*Instructions for the task:* An exact copy of the listing below is needed, with no pictures in it.

*Exercise data:*
BEGIN

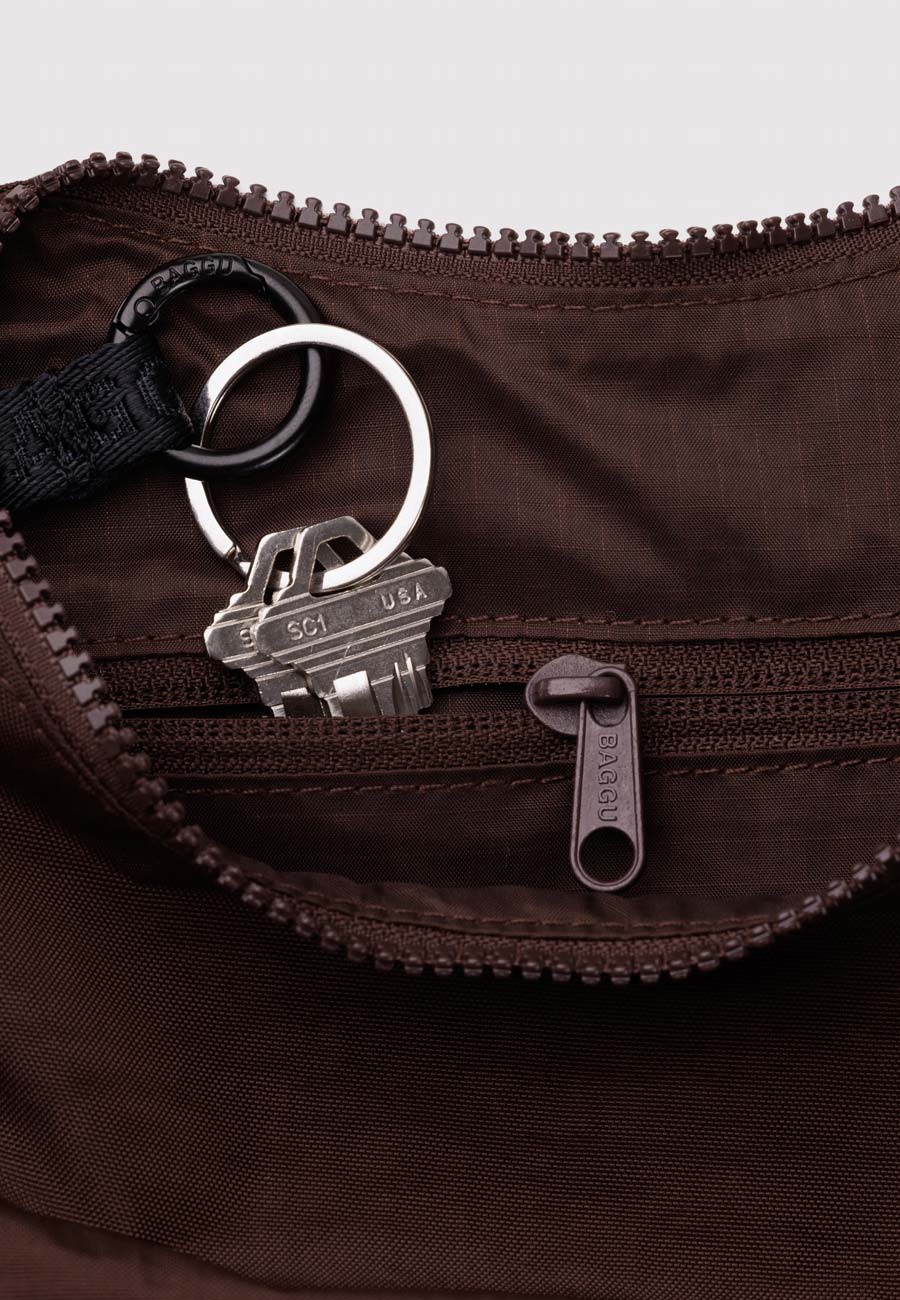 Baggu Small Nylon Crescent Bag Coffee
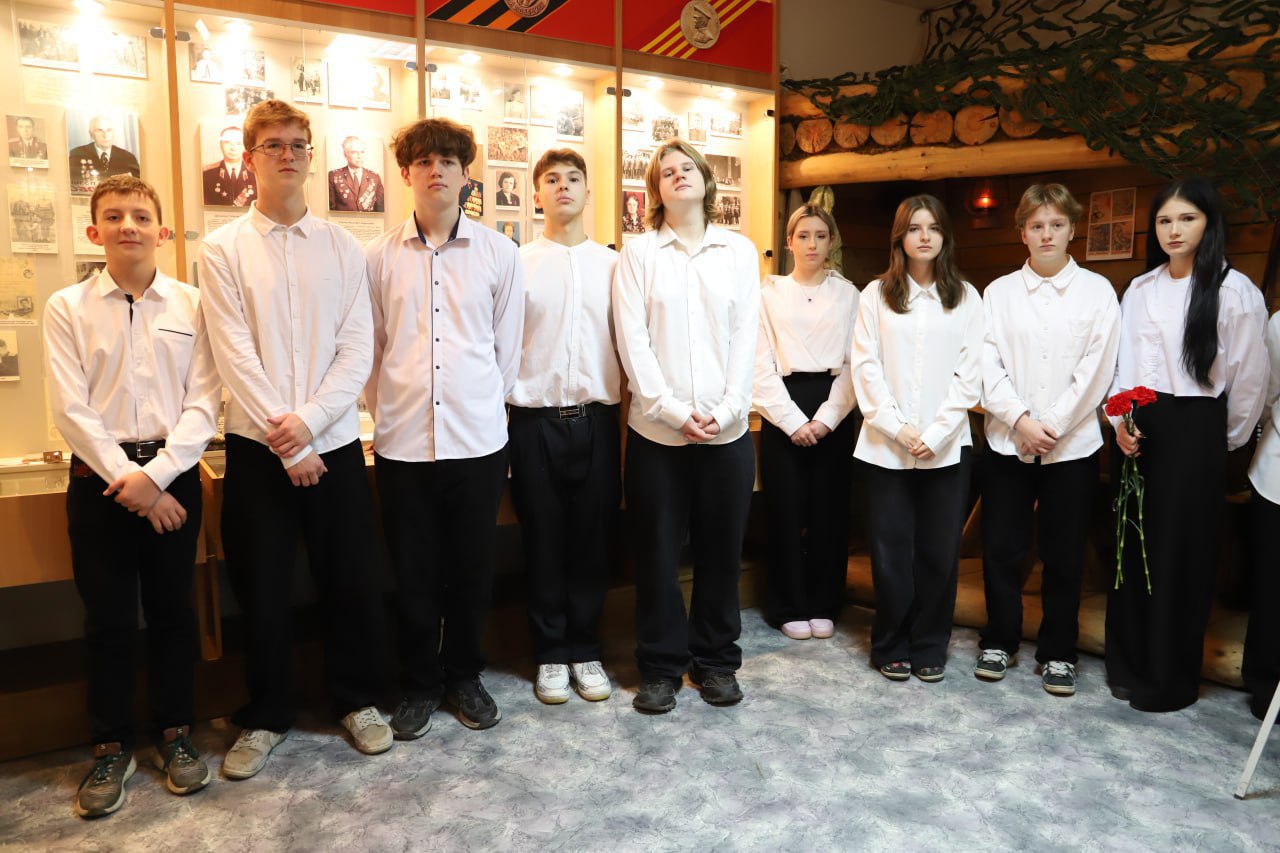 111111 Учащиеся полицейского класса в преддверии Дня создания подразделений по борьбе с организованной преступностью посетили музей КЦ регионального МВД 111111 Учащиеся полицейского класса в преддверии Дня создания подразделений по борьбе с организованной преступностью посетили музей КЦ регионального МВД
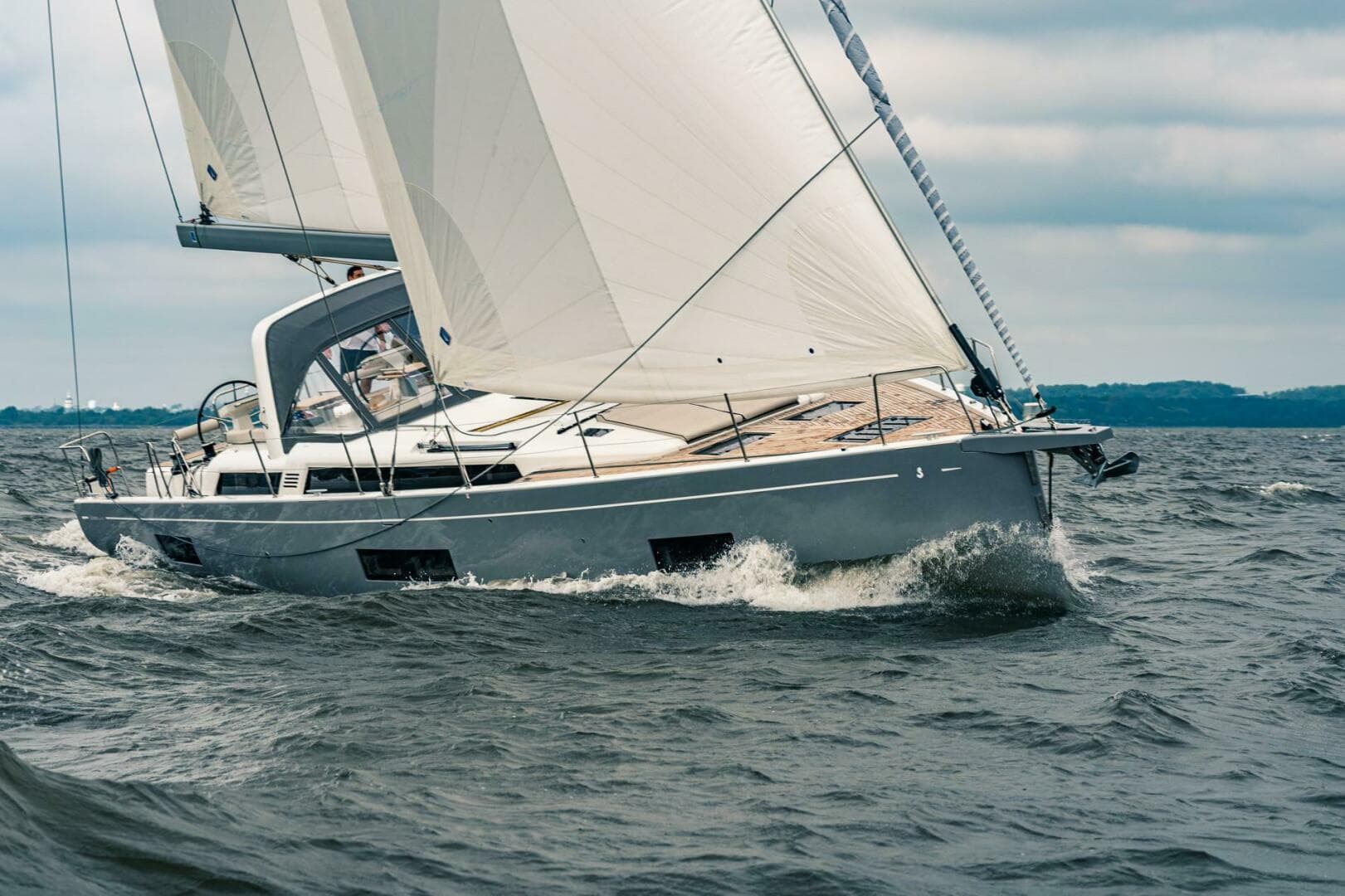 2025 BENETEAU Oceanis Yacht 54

END

*Solution to this exercise:*
 Baggu Small Nylon Crescent Bag Coffee
 111111 Учащиеся полицейского класса в преддверии Дня создания подразделений по борьбе с организованной преступностью посетили музей КЦ регионального МВД 111111 Учащиеся полицейского класса в преддверии Дня создания подразделений по борьбе с организованной преступностью посетили музей КЦ регионального МВД
 2025 BENETEAU Oceanis Yacht 54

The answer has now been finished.